Jakie są tego przyczyny?
- Wygląda, że cały czas chce coś kontrolować i to go blokuje. Nie ma luzu, który zawsze w nim był i tej chęci latania, może ona jest, ale po takim skoku trudno jest mu lecieć, bo nie ma szybkości w powietrzu - mówił Małysz.
Stoch w pierwszej serii miał dopiero dziewiąty wynik w czwartej grupie, a w drugiej ósmy. To już, jak wyliczył serwis skijumping.pl, dziewiąty konkurs drużynowy, w którym słabsza postawa Stocha wpłynęła na wynik drużyny.
Z bardzo dobrej strony pokazał się za to Jakub Wolny, który dwa razy bił rekord życiowy podczas tej "drużynówki". Czy narodził się nam nowy lotnik?
- Można tak powiedzieć. Kuba czuje się coraz lepiej na dużych skoczniach. Było tak w Willingem, Oberstdorfie i teraz w Vikersundzie.
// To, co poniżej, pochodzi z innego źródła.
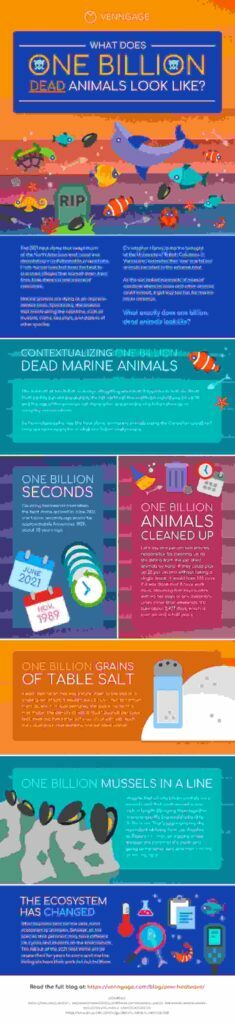 Are Infographic Templates Useful in Novel Writing?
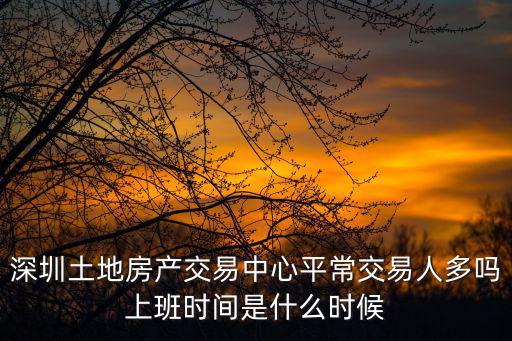 深圳土地房產交易中心平常交易人多嗎上班時間是什么時候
Fajnie, bo mamy same loty do końca - powiedział Małysz.
Najlepszym z Polaków w sobotę był natomiast Piotr Żyła.
- Muszę mówić w wywiadach, że się boję o Piotrka, bo wtedy on zaczyna dobrze skakać. Zawsze tak jest. To jakaś magia. Tym bardziej, że on od pierwszego skoku prezentował się tutaj dobrze. To go nakręca i wiesz, że on nie zepsuje, dzisiaj, nawet jak siedział na belce, to się śmiał, ma radość z tego skakania - stwierdził dyrektor PZN-u.
Konkurs drużynowy w lotach wygrali Słoweńcy, przed Niemcami i Austriakami. Polska była czwarta.
W niedzielę ostatnia odsłona tegorocznego Raw Air - konkurs indywidualny w Vikersundzie.
- Jeśli konkurs się odbędzie, bo prognozy nie są dobre, to jutro może się wiele zdarzyć - przyznał Małysz.